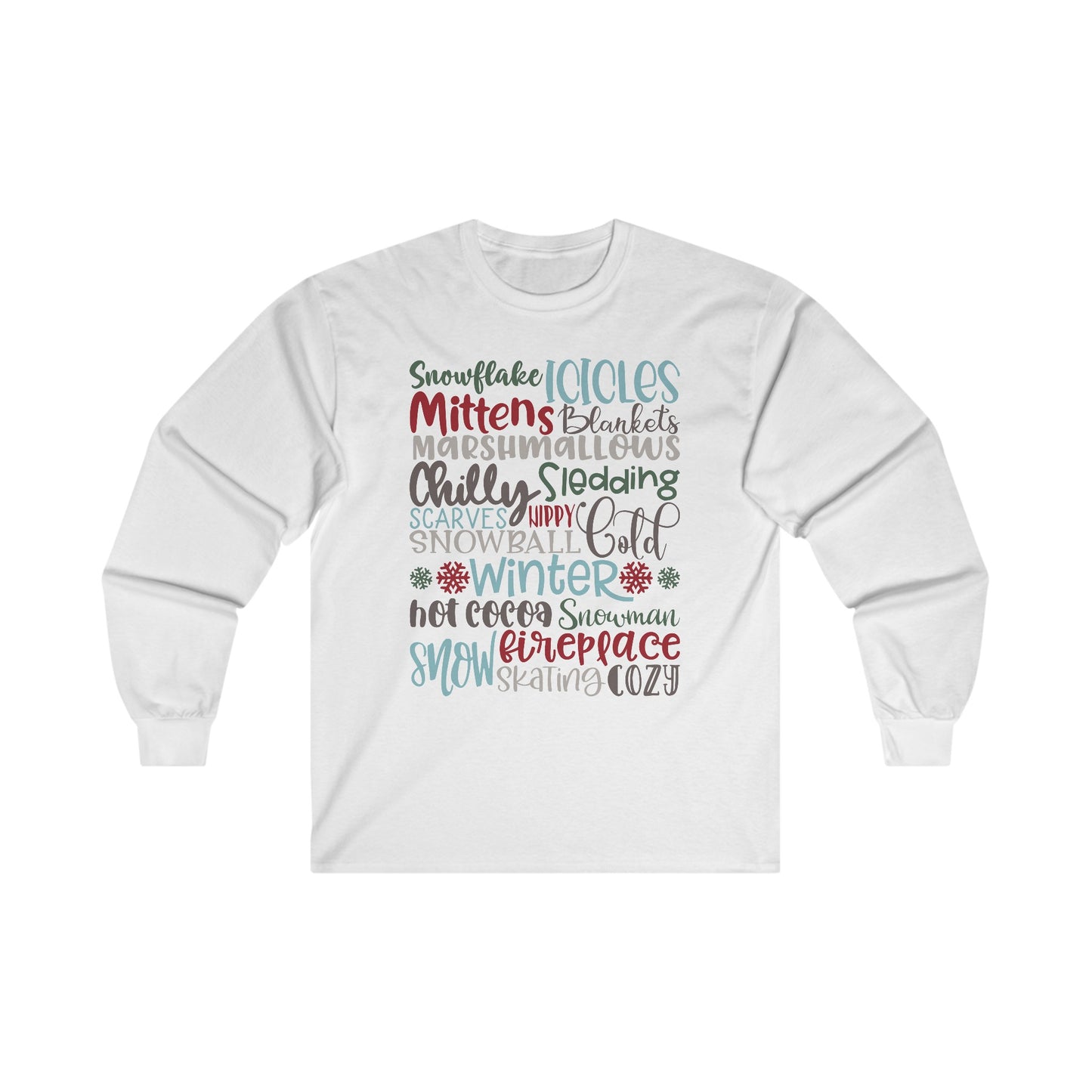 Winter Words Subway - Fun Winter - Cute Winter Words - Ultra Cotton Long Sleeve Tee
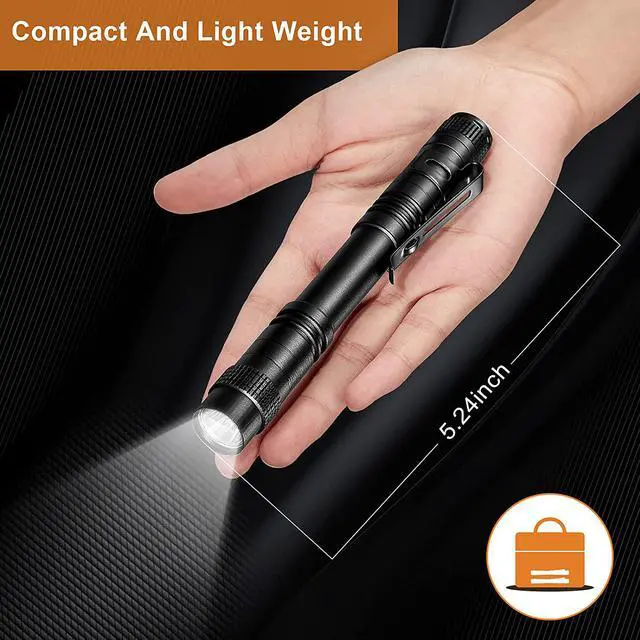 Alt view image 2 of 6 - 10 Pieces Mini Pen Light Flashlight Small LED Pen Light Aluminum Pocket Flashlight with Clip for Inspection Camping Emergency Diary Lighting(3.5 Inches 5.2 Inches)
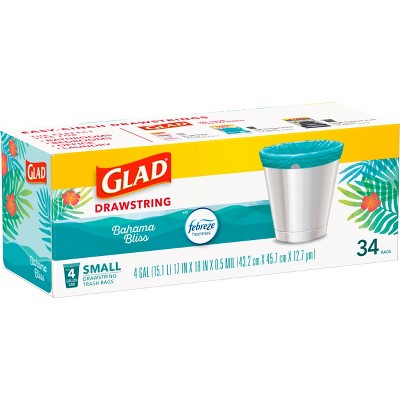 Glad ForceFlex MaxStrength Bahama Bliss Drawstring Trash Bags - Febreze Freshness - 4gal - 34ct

...

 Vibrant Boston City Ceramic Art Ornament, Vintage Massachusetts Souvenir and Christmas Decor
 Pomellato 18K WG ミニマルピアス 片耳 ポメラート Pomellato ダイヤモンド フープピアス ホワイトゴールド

About this task »
Word for word, repeat the lines above from the one with "Winter Words Subway" through the one with "Glad ForceFlex MaxStrength", and nothing beyond them. Omit the pictures.

Problem solution »
 Winter Words Subway - Fun Winter - Cute Winter Words - Ultra Cotton Long Sleeve Tee
 Alt view image 2 of 6 - 10 Pieces Mini Pen Light Flashlight Small LED Pen Light Aluminum Pocket Flashlight with Clip for Inspection Camping Emergency Diary Lighting(3.5 Inches 5.2 Inches)
 Glad ForceFlex MaxStrength Bahama Bliss Drawstring Trash Bags - Febreze Freshness - 4gal - 34ct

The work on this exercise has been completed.